Start of Dataset

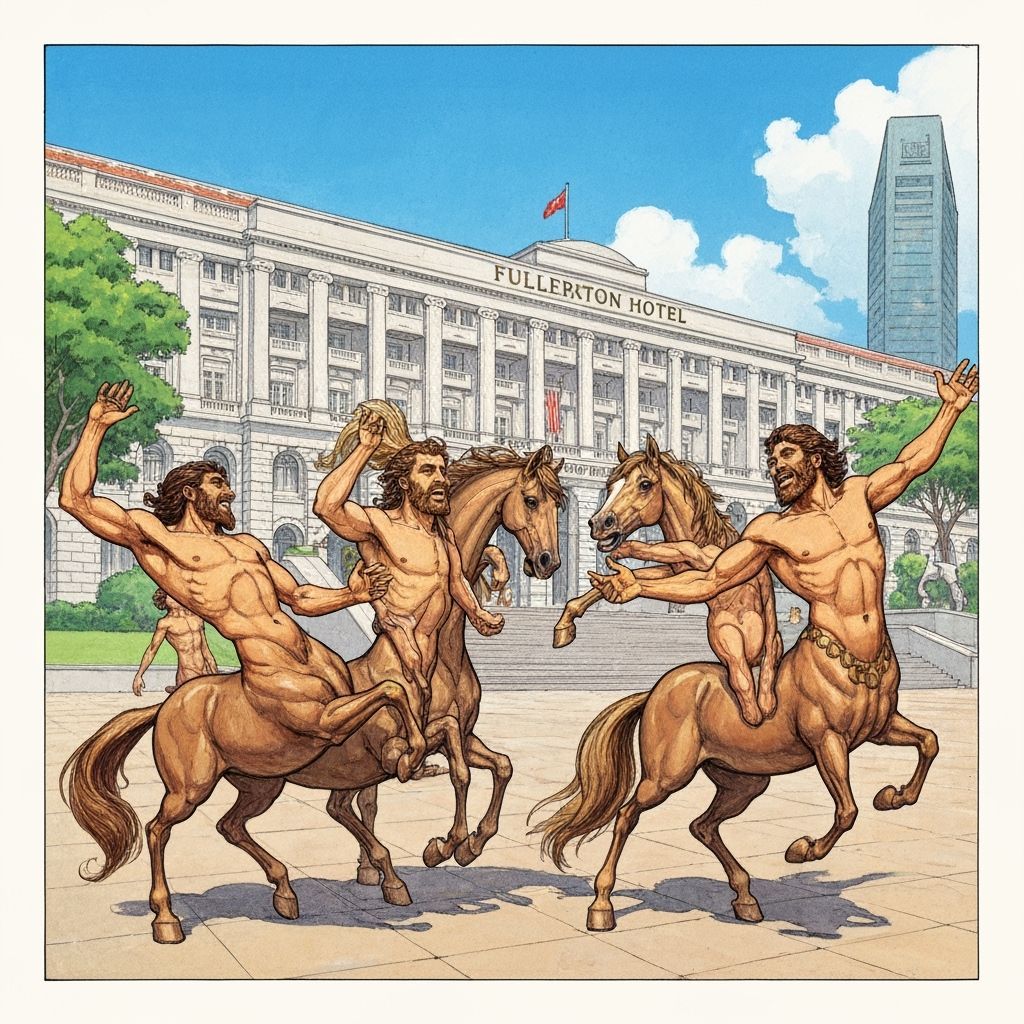 Centaurs Play Before Fullerton Hotel Singapore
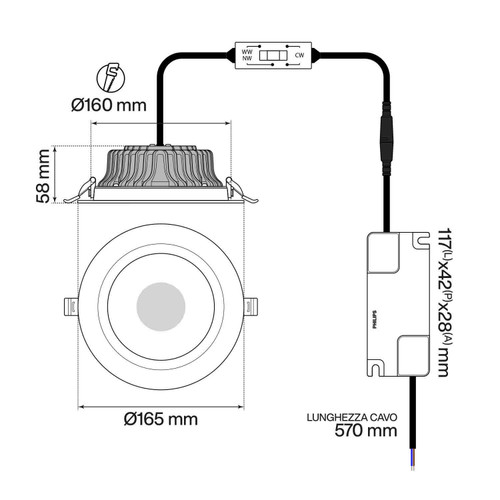 Faro da incasso 20W, Foro Ø160mm, CCT, 130 lm/w, Driver PHILIPS, Bridgelux - Bianco Faro da incasso 20W, Foro Ø160mm, CCT, 130 lm/w, Driver PHILIPS, Bridgelux - Bianco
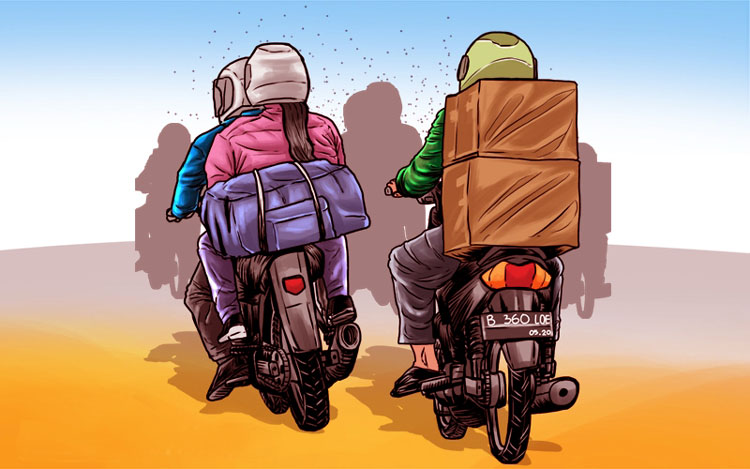 Ilustrasi: mudik pakai sepeda motor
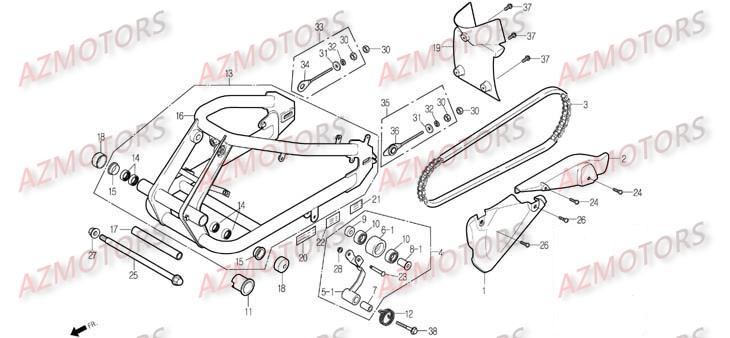 Bras Oscillant DAELIM Pièces Moto DAELIM DAYSTAR Carbu 125cc
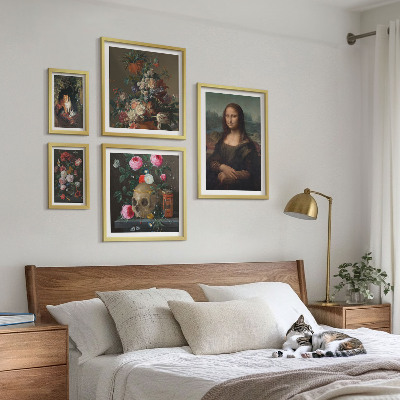 Polittico con cornice Ritratti floreali vintage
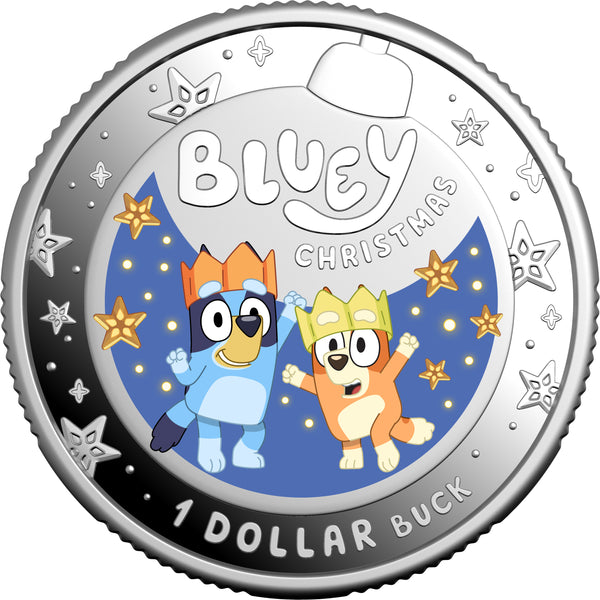 2025 Bluey Christmas $1 Silver Proof Coin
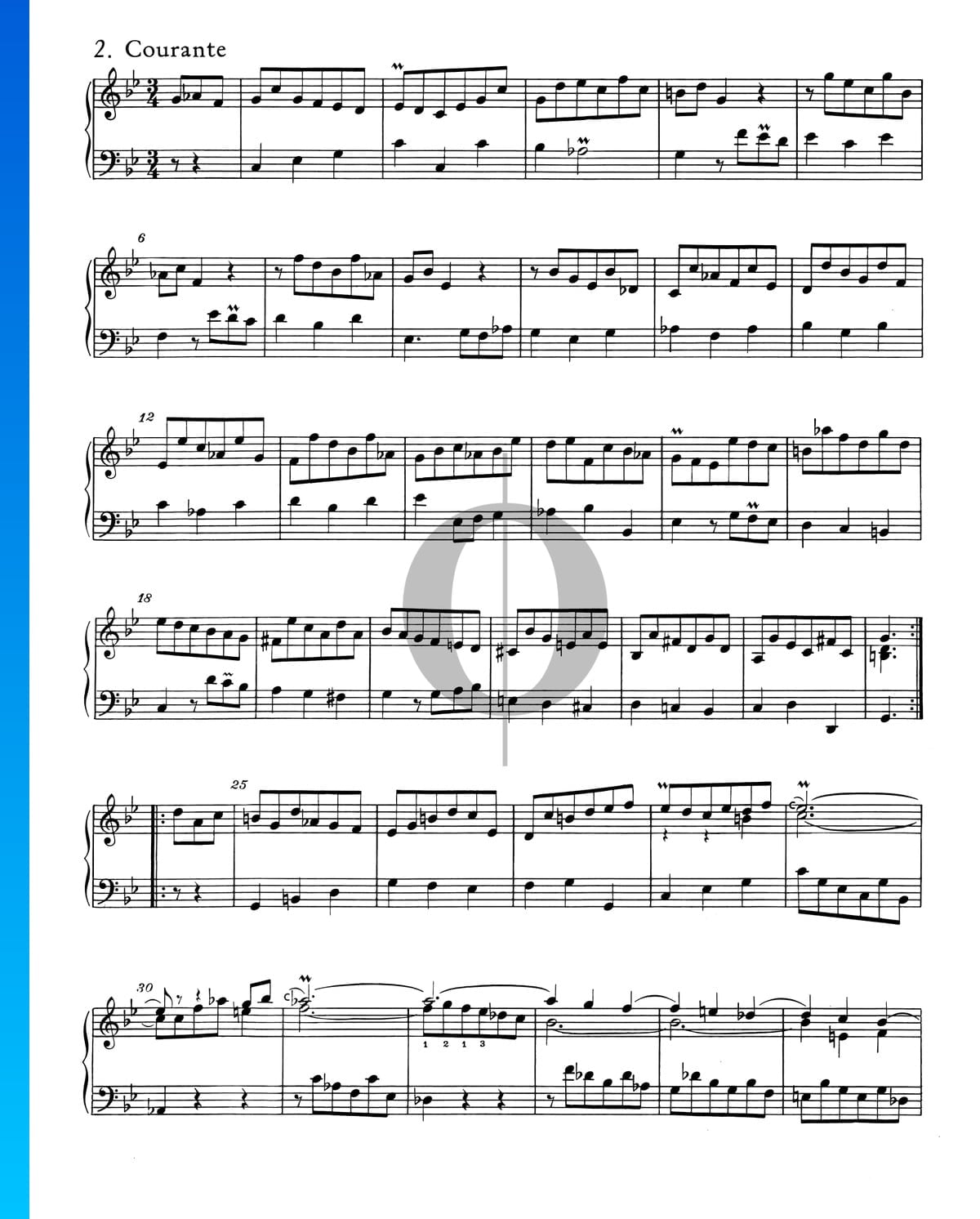 French Suite No. 2 C Minor, BWV 813: 2. Courante Sheet Music (Piano ...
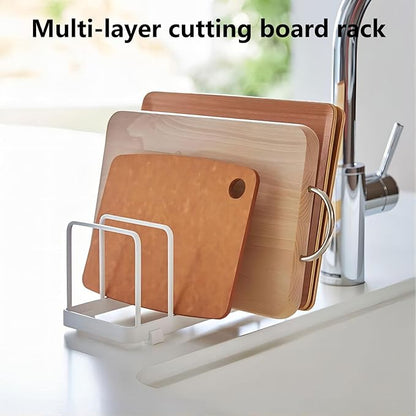 Fourmor- Home Accented Storage Rack-Kitchen Holder Stand - Diversified Euro Kitchen Organizer for Plates, Cutting Boards, Bakeware, Pots & Pans, Serving Trays, Reusable Containers, and Lids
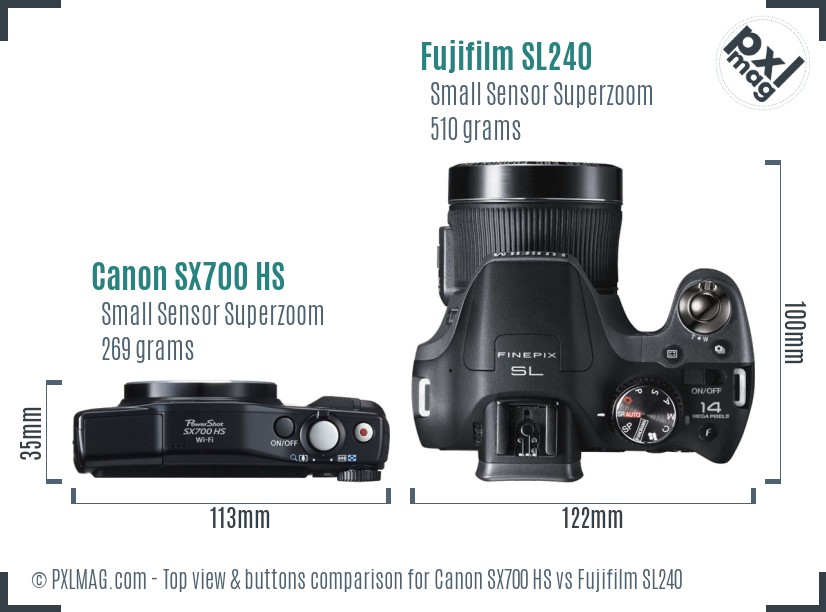 Canon SX700 HS vs Fujifilm SL240 top view buttons comparison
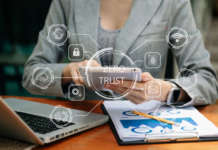 Zero trust security concept Person using computer and tablet wit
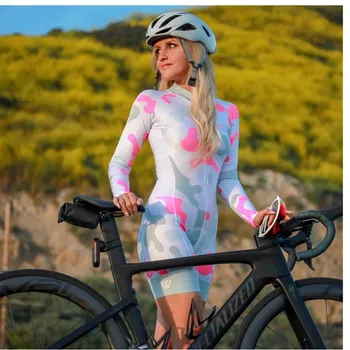 Vvsportsdesigns Feminino שרוול ארוך רכיבה על אופניים Skinsuit טריאתלון מותאם אישית ספורט ספורט תחת כיפת השמיים ריצה שחייה ערכת אופניים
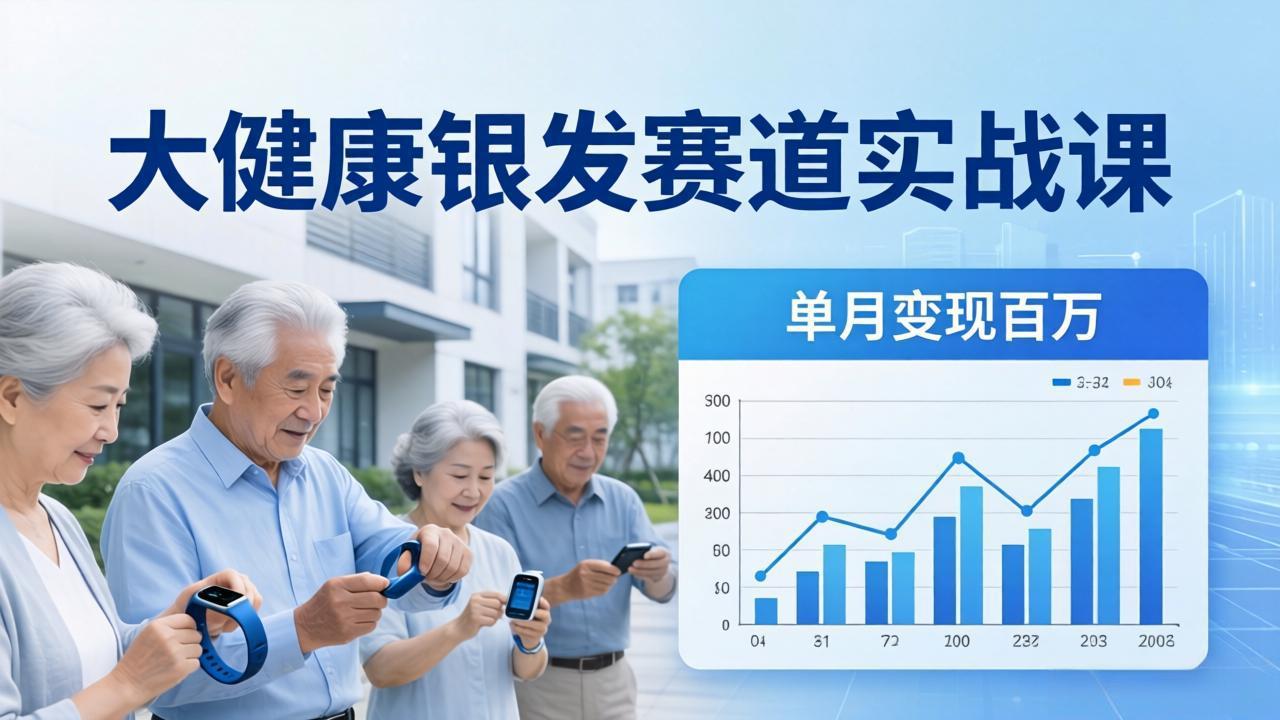 大健康银发赛道实战课:拆解视频号线索型 IP 单月变现百万逻辑,教你精准获客高效变现-聚业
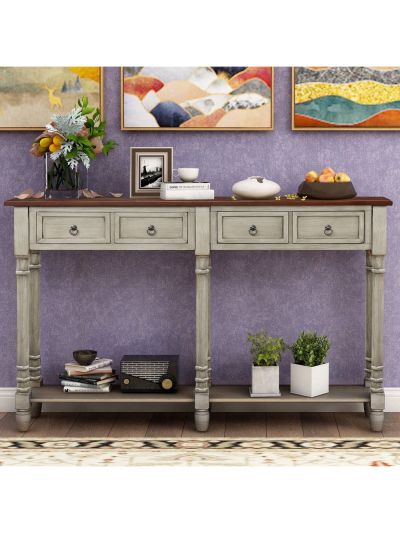 Console Table Sofa Table with Storage for Entryway with Drawers and Shelf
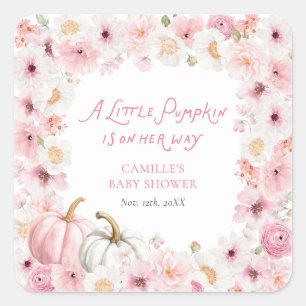 Fall Pink Pumpkin Favour Baby Shower Square Sticker
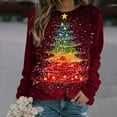 thumbnail image 6 of Womens Holiday Sweatshirts Christmas Outfits Long Sleeve Crewneck Shirt Xmas Tree Snowman Cute Pullover, XXL Wine, 6 of 6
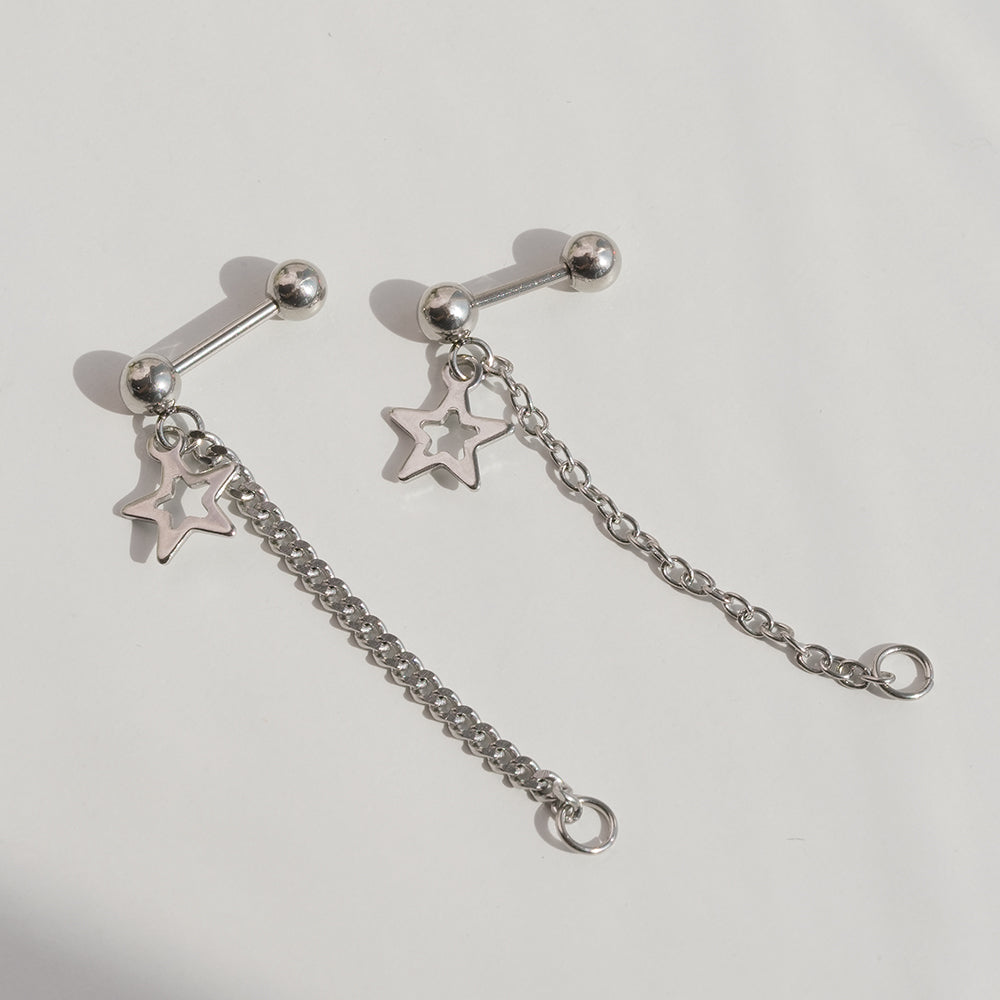 [全体サージカル]スターチャーム チェーンピアス (2Type) 16G ボディピアス キャッチ 軟骨ピアス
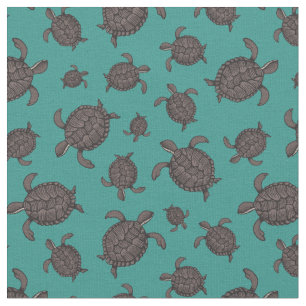 Illustrated Swimming Sea Turtles Fabric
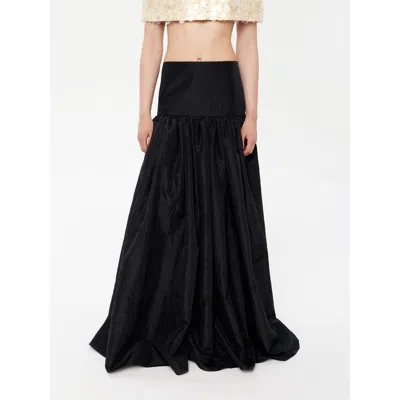 Alas Maxi Evening Taffeta Skirt In Black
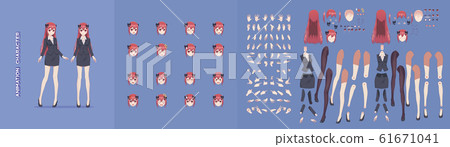 Anime manga girl business woman for animation 61671041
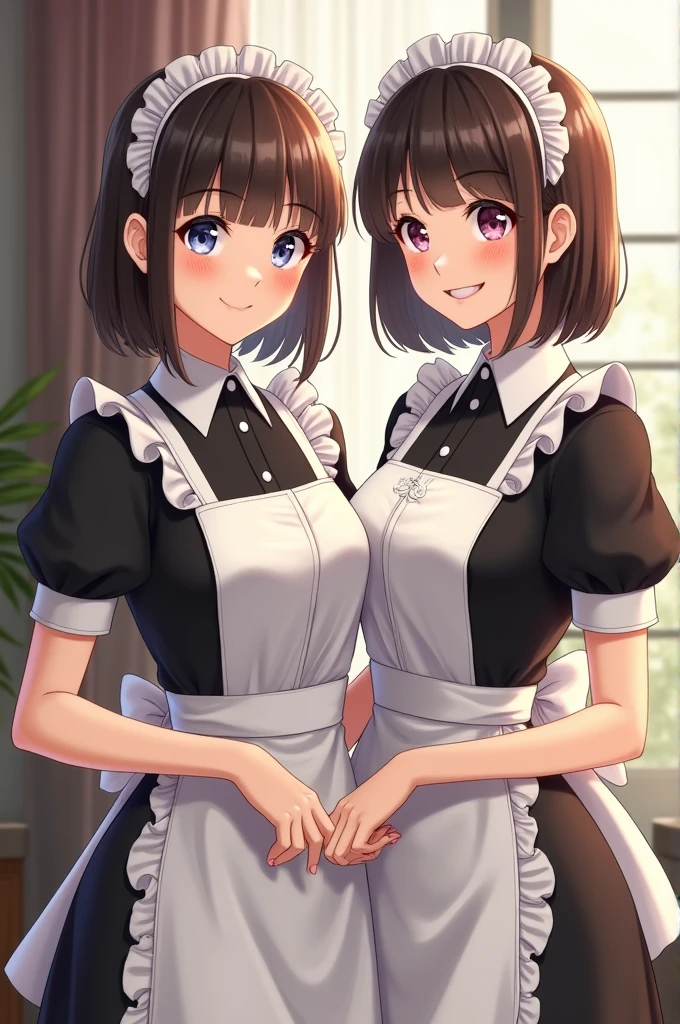 Two sexy girls dressed as reserved maids, with nice service women's clothing, two girls smiling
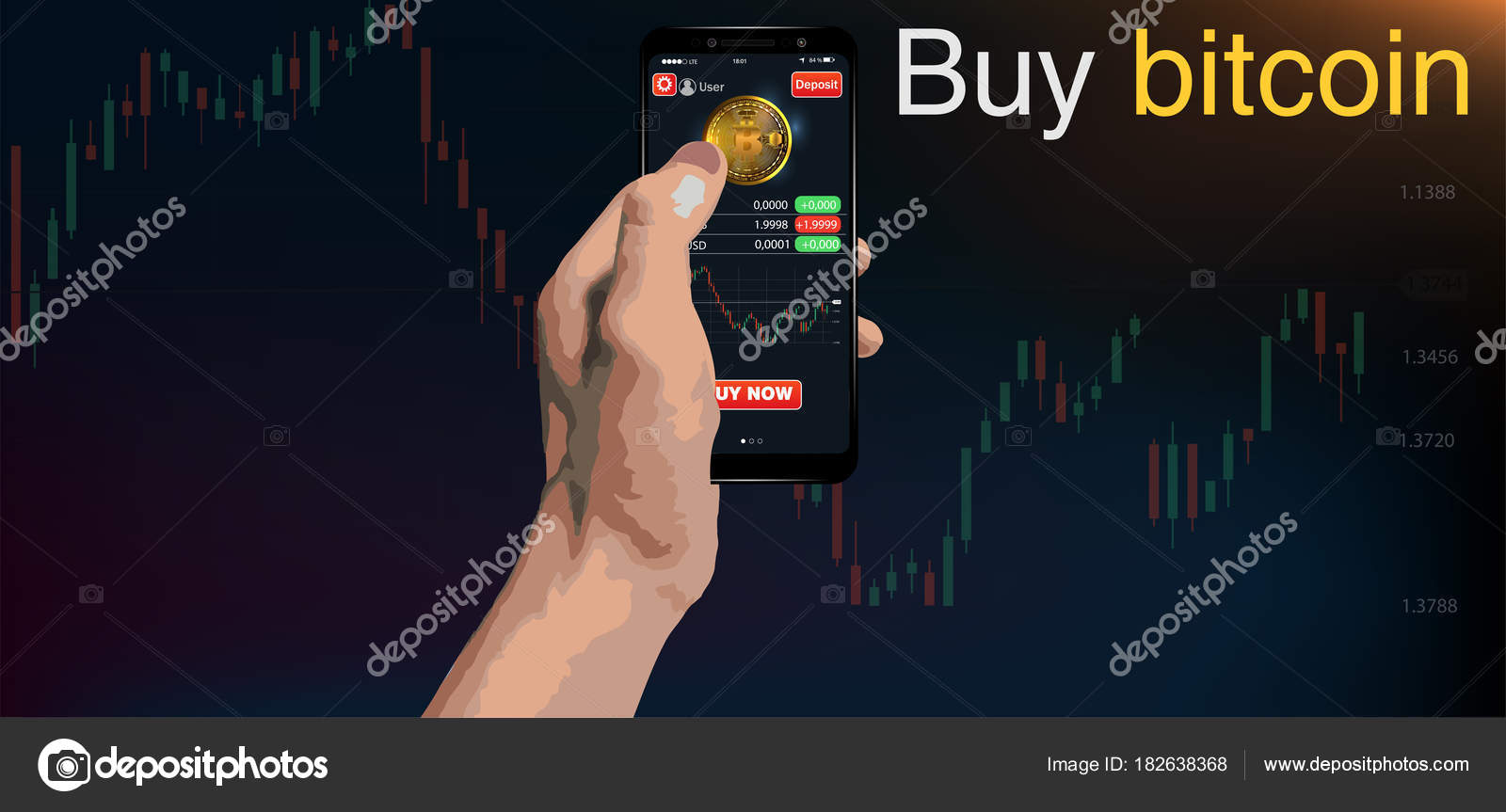 Bitcoin Kaufen Onlinezahlung Krypto Konzept Smartphone Mit Goldenen -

End of Dataset

Try it → Pictures aside, reproduce all of the material above without alteration.

Result of this exercise →
 Centaurs Play Before Fullerton Hotel Singapore
 Faro da incasso 20W, Foro Ø160mm, CCT, 130 lm/w, Driver PHILIPS, Bridgelux - Bianco Faro da incasso 20W, Foro Ø160mm, CCT, 130 lm/w, Driver PHILIPS, Bridgelux - Bianco
 Ilustrasi: mudik pakai sepeda motor
 Bras Oscillant DAELIM Pièces Moto DAELIM DAYSTAR Carbu 125cc
 Polittico con cornice Ritratti floreali vintage
 2025 Bluey Christmas $1 Silver Proof Coin
 French Suite No. 2 C Minor, BWV 813: 2. Courante Sheet Music (Piano ...
 Fourmor- Home Accented Storage Rack-Kitchen Holder Stand - Diversified Euro Kitchen Organizer for Plates, Cutting Boards, Bakeware, Pots & Pans, Serving Trays, Reusable Containers, and Lids
 Canon SX700 HS vs Fujifilm SL240 top view buttons comparison
 Zero trust security concept Person using computer and tablet wit
 Vvsportsdesigns Feminino שרוול ארוך רכיבה על אופניים Skinsuit טריאתלון מותאם אישית ספורט ספורט תחת כיפת השמיים ריצה שחייה ערכת אופניים
 大健康银发赛道实战课:拆解视频号线索型 IP 单月变现百万逻辑,教你精准获客高效变现-聚业
 Console Table Sofa Table with Storage for Entryway with Drawers and Shelf
 Fall Pink Pumpkin Favour Baby Shower Square Sticker
 thumbnail image 6 of Womens Holiday Sweatshirts Christmas Outfits Long Sleeve Crewneck Shirt Xmas Tree Snowman Cute Pullover, XXL Wine, 6 of 6
 [全体サージカル]スターチャーム チェーンピアス (2Type) 16G ボディピアス キャッチ 軟骨ピアス
 Illustrated Swimming Sea Turtles Fabric
 Alas Maxi Evening Taffeta Skirt In Black
 Anime manga girl business woman for animation 61671041
 Two sexy girls dressed as reserved maids, with nice service women's clothing, two girls smiling
 Bitcoin Kaufen Onlinezahlung Krypto Konzept Smartphone Mit Goldenen -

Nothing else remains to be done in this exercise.